Impresso
Critical text mining of newspaper archives
Source: This example was kindly contributed by Matteo Romanello, Digital Humanities Laboratory, EPFL, Switzerland
The Impresso project aims to enable critical text mining of newspaper archives with the implementation of a technological framework to extract, process, link, and explore data from print media archives.
The project works with a large corpus of historical newspapers data in several languages: mainly French and German, but also Luxembourgish; historical period: from end of 18th century to the present time (see state of newspaper collection).
To achieve this aim, several NLP techniques are employed, including:
- Named entity processing (classification and disambiguation/linking)
- NE recognition and classification: custom tag set, based on Quaero annotation guidelines
- NE linking: against Wikidata and an internal KB
Due to the special nature of the text corpus, off-the-shelve models cannot be used for the above tasks.
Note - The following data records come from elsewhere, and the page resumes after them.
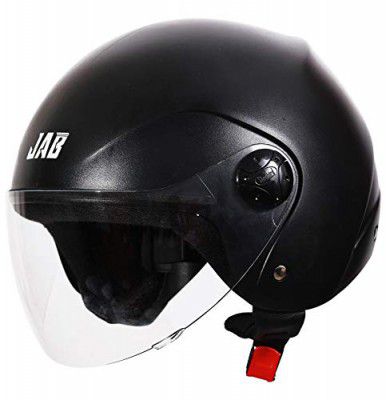 Steelbird SB-02 Classic Jab Open Face Helmet for Men and Women (Medium 580 MM, Natural Black with Plain Visor)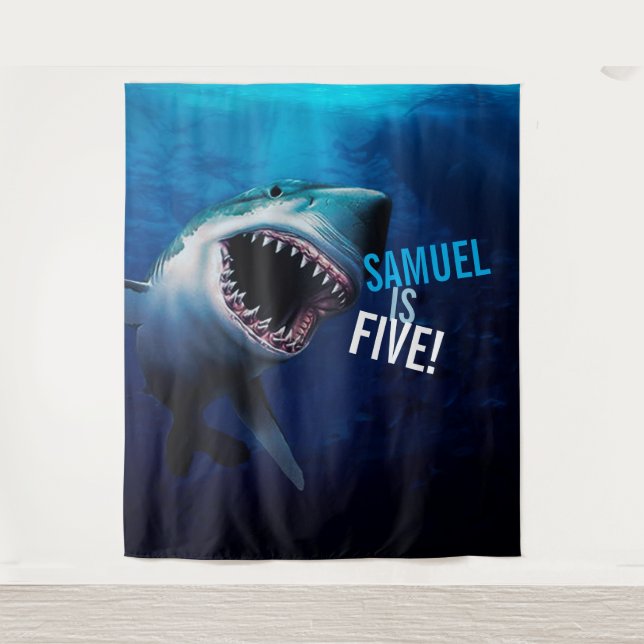 Shark Attack |  Boys Birthday Ocean Photo Backdrop Tapestry (Front)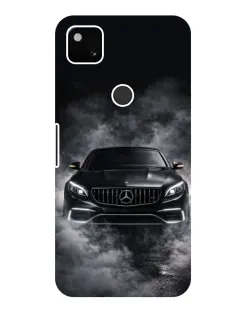 Чехол для Google Pixel 4a с картинкой «Mercedes в дыму»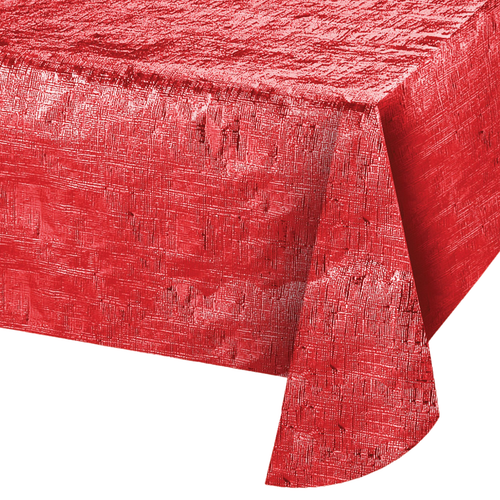 Disposable Textured Rectangular Party Table Covers - 108" - Red - Pack of 12 - IMAGE 1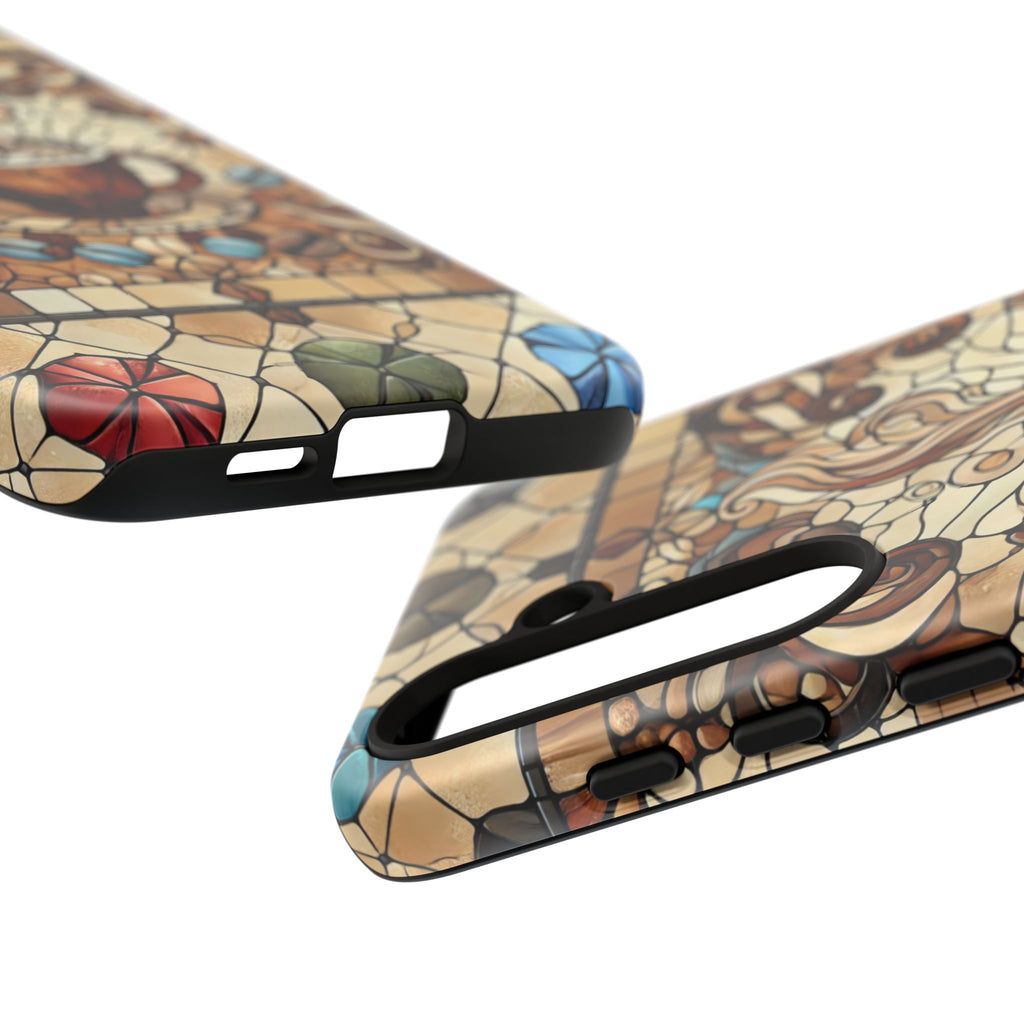Stained Glass Coffee Android Phone Case – Shockproof TPU, 3D Wrap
For this reason, INCEpTION will be used as the annotation environment for an extensive annotation campaign (running August 2018 -> June 2019). We will use it for annotating NE-related information in our data, either from scratch or with pre-annotated annotations.
Features that we consider of particular importance to our use-case are:
- import structured stand-off annotations generated by Python code via Cassis
- linking with KB: to note here the necessity for INCEpTION’s functionalities to scale up to e.g. Wikidata-sized resources, with tens of thousands of class instances
- active learning will be used to speed up the annotation process
- monitoring, to follow the annotators’ progress
- inter-annotator agreement